LRU缓存机制与 LeetCode 146

最近最少使用算法，或 最近最久未使用算法 （Least Recently Used, LRU）是一种常用的页面置换算法（当然也可以用于文件缓存等情景）。再实际情况中，如某些页面长时间未被访问，则它们在将来还可能会长时间不会访问。算法基于这个推论，选择最近最久未使用的页面予以淘汰。

我们认为 “最近使用” 指的是读/写相应的内存页（或值），然后以一个例子（来自参考资料1）看看：

程序按时间顺序访问内存页 $c, a, d, b, e, b, a, b, c, d$ ，1 ~ 4 时刻内存页均能命中，当访问到 $e$ 时引发缺页中断。因为加载的页已满，需要将内存中的某个页面置换出去。这时候，检索已存在内存中的页面 $a, b, c, d$ 的最后访问时间， $c$ 为最近最少使用的页，于是换入页面 $e$ 来代替 $c$ ，然后程序继续执行。
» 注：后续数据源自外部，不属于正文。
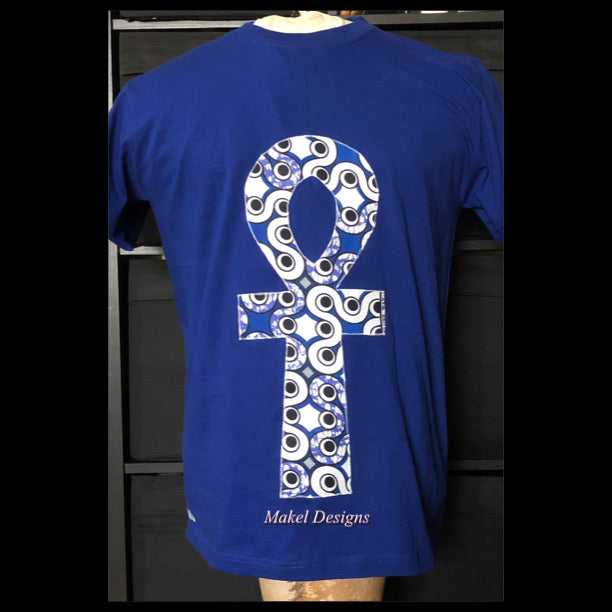 Special-T: Ankara Symbol T-Shirt Upgrades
实际系统中由于 LRU 算法所需开销太大，一般使用它的近似算法，并且在操作系统虚拟存储管理中，使用硬件做辅助。

程序设计

LeetCode 146 对这个问题做了简化：

运用你所掌握的数据结构，设计和实现一个 LRU (最近最少使用) 缓存机制。它应该支持以下操作：获取数据 get 和写入数据 put 。

获取数据 get(key) - 如果密钥 (key) 存在于缓存中，则获取密钥的值（总是正数），否则返回 -1。
写入数据 put(key, value) - 如果密钥已经存在，则变更其数据值；如果密钥不存在，则插入该组「密钥/数据值」。当缓存容量达到上限时，它应该在写入新数据之前删除最久未使用的数据值，从而为新的数据值留出空间。

略加思索，我们考虑这样几种模拟实现。

实现一

一个很自然的想法是，使用一个数组存储页表，并页表中的每一页添加最近使用时间 last_use 属性，“使用”（读 / 写）页时更新它的值，如：

if (content[i].key == key)
{
    content[i].last_use = (++current_time);
    return content[i].value;
}

当容量满时，只要找到最小 last_use 的对应项并删除即可。这样设计时，对页面的读、写和置换时算法复杂度都将是 $O(n)$ 。

一个改进策略是，使用一个不那么严格的栈，保证栈中各个元素 last_use 有序，可以减少置换时的耗时。

实现二

为了进一步优化访问时间，可以采用一个链表加快页面置换的速度。不妨将链表的头作为最近访问的页面，那么链表尾部就是最久未使用的页。访问内存时，找到相应页面并移到首部，缺页时，置换尾节点的页面。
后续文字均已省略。